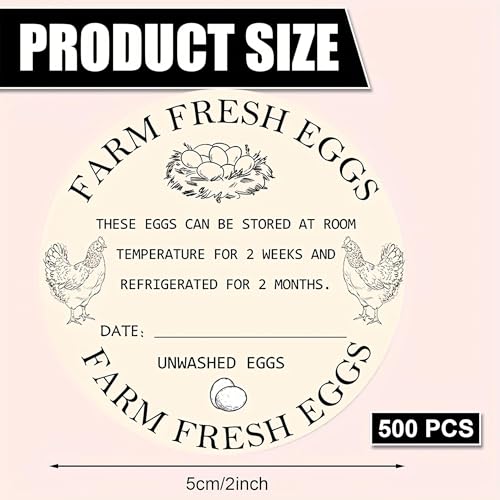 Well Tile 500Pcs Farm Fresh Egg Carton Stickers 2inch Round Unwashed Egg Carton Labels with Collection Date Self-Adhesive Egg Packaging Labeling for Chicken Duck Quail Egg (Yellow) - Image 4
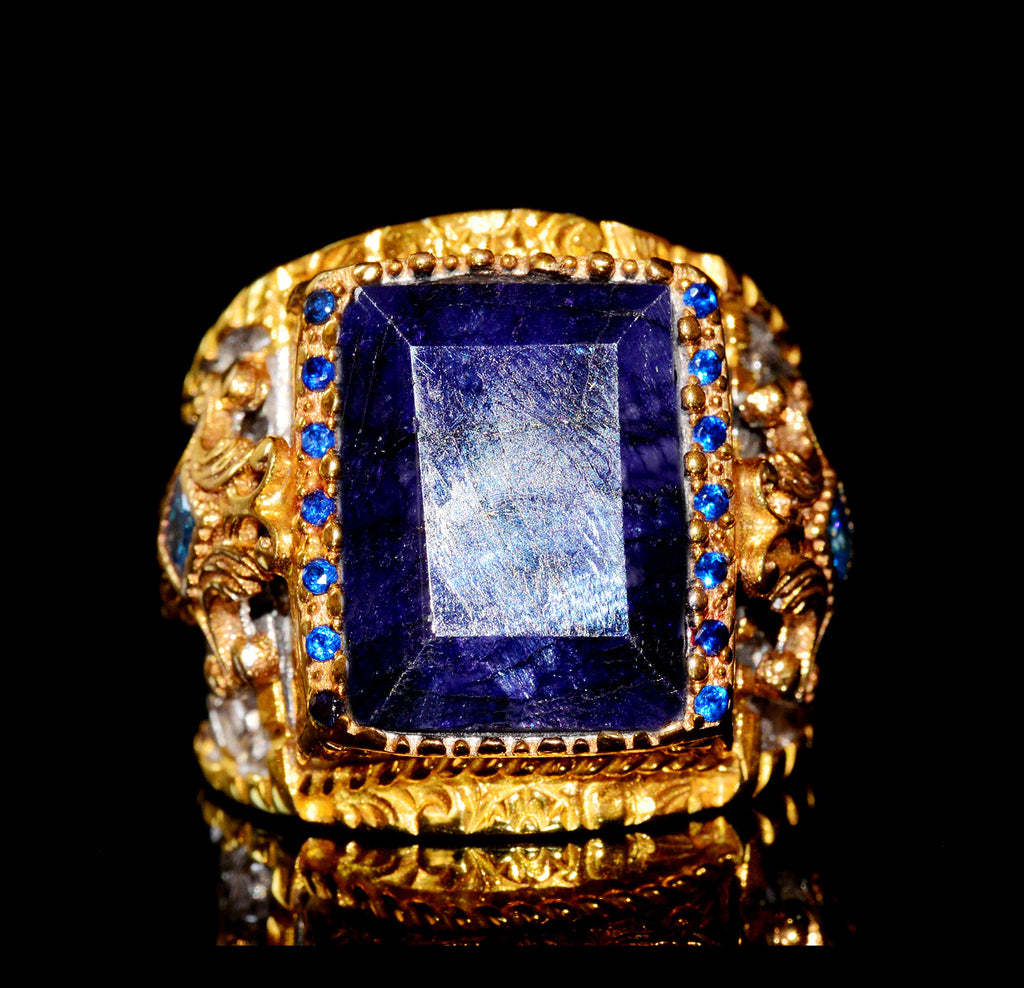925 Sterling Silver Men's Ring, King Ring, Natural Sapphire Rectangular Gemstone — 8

# # #

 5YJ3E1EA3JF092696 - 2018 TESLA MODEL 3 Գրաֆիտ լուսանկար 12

# # #

- _What you need to do_:
Look back at the data above, then output exactly the lines from the line holding "Well Tile 500Pcs" up to and including the line holding "925 Sterling Silver". Leave out the pictures.

- _Task answer_:
 Well Tile 500Pcs Farm Fresh Egg Carton Stickers 2inch Round Unwashed Egg Carton Labels with Collection Date Self-Adhesive Egg Packaging Labeling for Chicken Duck Quail Egg (Yellow) - Image 4
925 Sterling Silver Men's Ring, King Ring, Natural Sapphire Rectangular Gemstone — 8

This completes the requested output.